Un travail de sensibilisation pourrait-il être une solution aux violences sexuelles ?

Le grand problème auquel nous devons répondre est l’absence de droit lorsque nous entrons dans une période de conflits. Mais ce que nous observons lors de ces troubles n’est que le fruit de ce qu’il se passe dans notre société en temps de paix. Aujourd’hui, nous pouvons avoir l’impression que nous sommes dans une société stable, que nous sommes protégés. Mais le comportement en public n’est pas le même qu’en privé. Cela veut dire que les lois ne protègent pas suffisamment. Il faut que ces valeurs entrent dans notre éthique, dans notre morale, et que l’on puisse considérer que l’égalité des sexes soit une réalité effective.

Ban Ki-moon était récemment en RDC, vous l’avez rencontré. Que pense-t-il de la lettre ouverte au Haut-Commissariat pour les droits de l’homme de l’ONU contre l’impunité que vous avez présenté le 8 mars à Genève ?

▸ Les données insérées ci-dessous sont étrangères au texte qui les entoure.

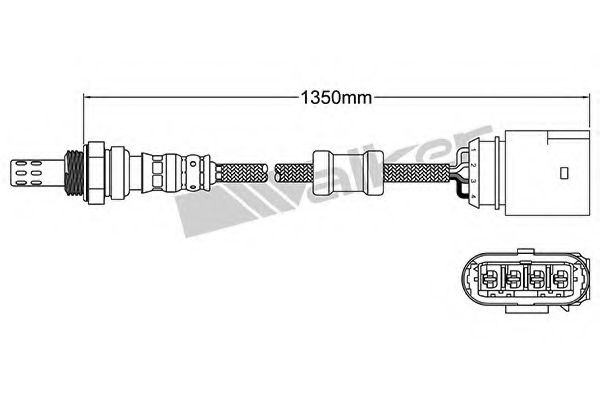 WALKER PRODUCTS 25024576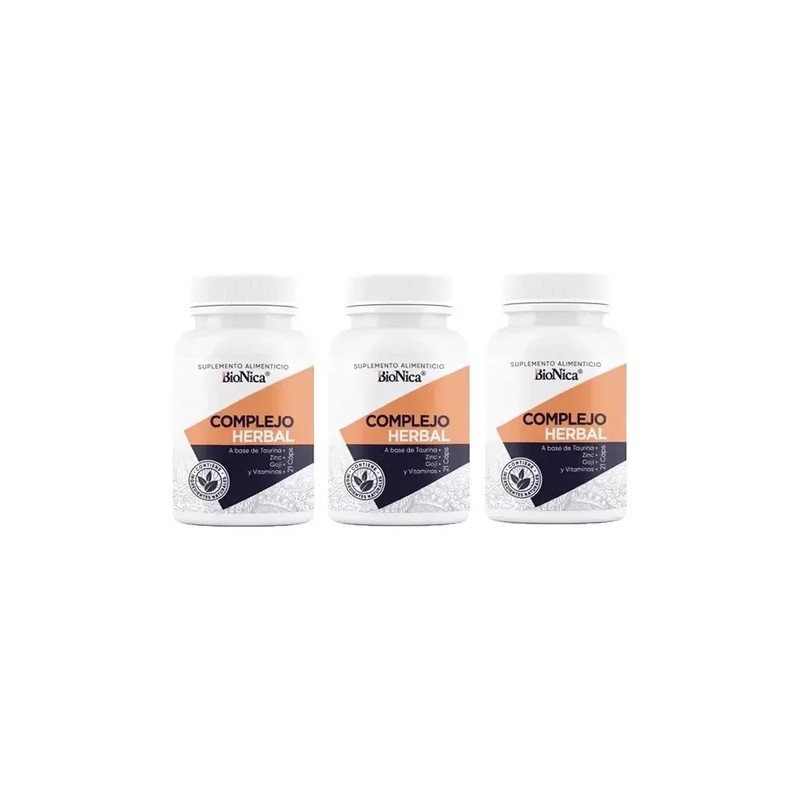 Supervits 3 Pack Bionica Suplemento Alimenticio 30 Capsulas 3 Pack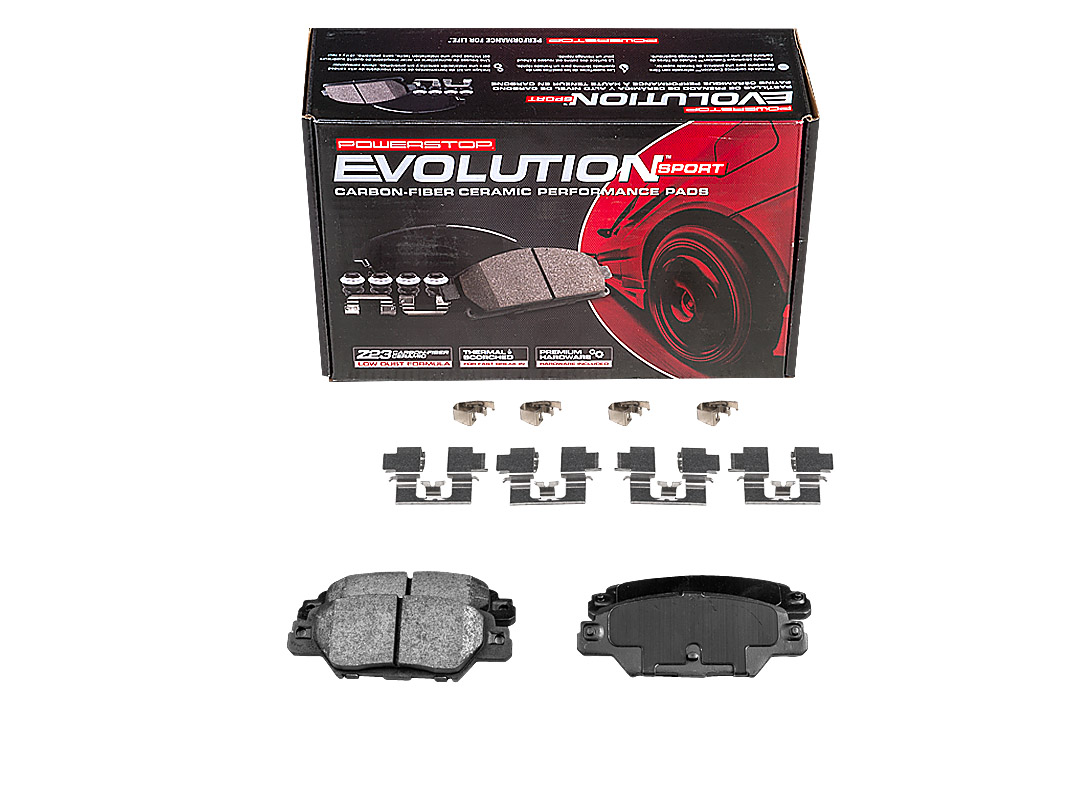 Задние керамические колодки Evolution Sport Z23 для Mazda CX-5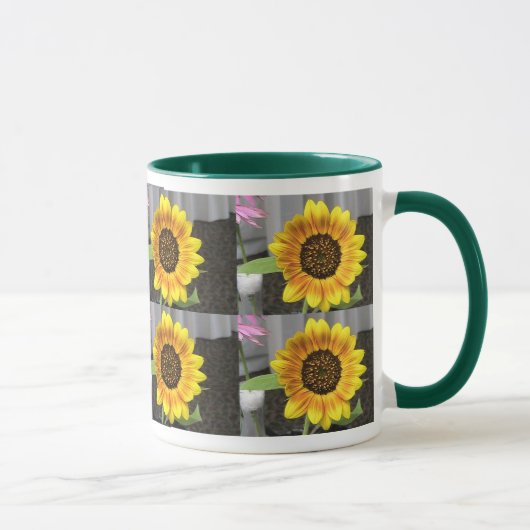 Kleine Mok zonnebloemen (Rechts)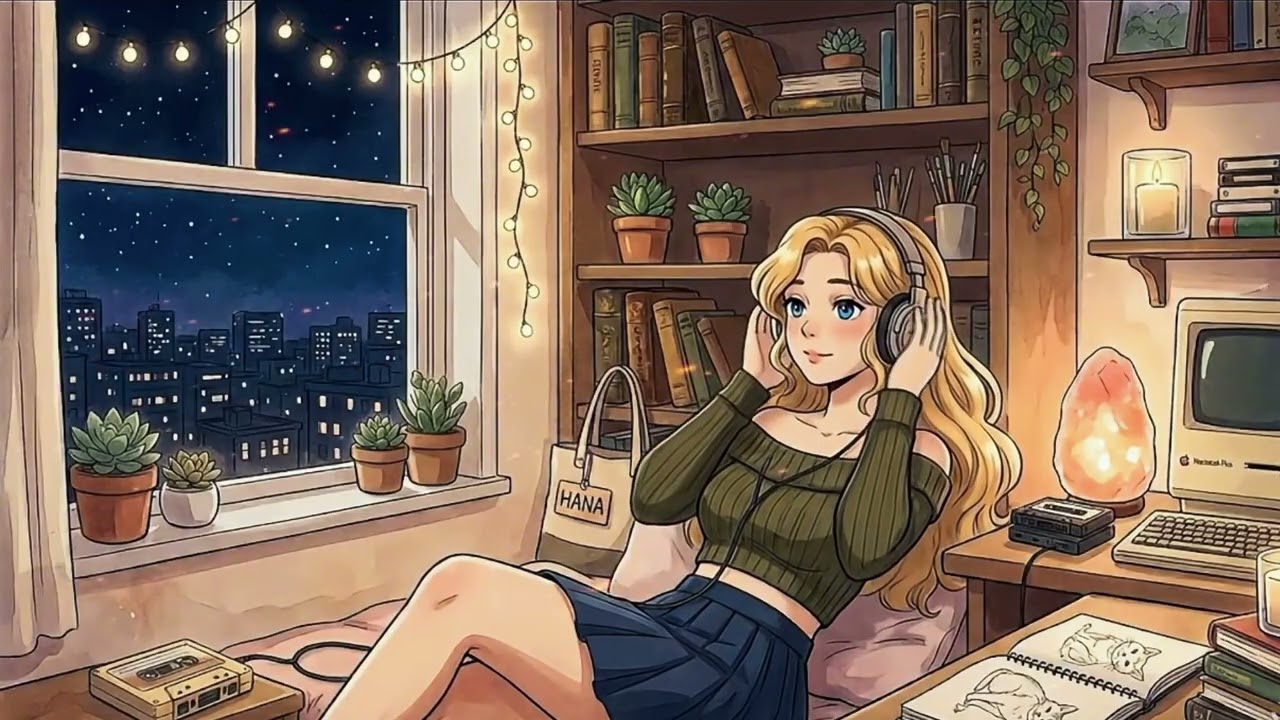 30 Minutes of Lonely Piano LoFi – Late Night Study & Deep Focus ASMR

Je pense qu’il est très au courant. (Sourire). Nous avons son soutien.

Quelle a été la réaction des Congolais lors des projections du film documentaire de Thierry Michel et de Colette Braeckmann ?

Je ne peux pas répondre pour tous, mais je pense qu’il y a une certaine unanimité. Partout où nous avons projeté le documentaire, nous avons manqué de places pour accueillir tout le monde. Le film inspire une certaine révolte. Les Congolais, et particulièrement les jeunes, sont en train de réaliser ce qu’il se passe. Il faut que les choses changent, mais la réponse qu’on donne aujourd’hui est la répression. Le mouvement Lucha en est un exemple : on condamne des jeunes pour avoir montré leur frustration.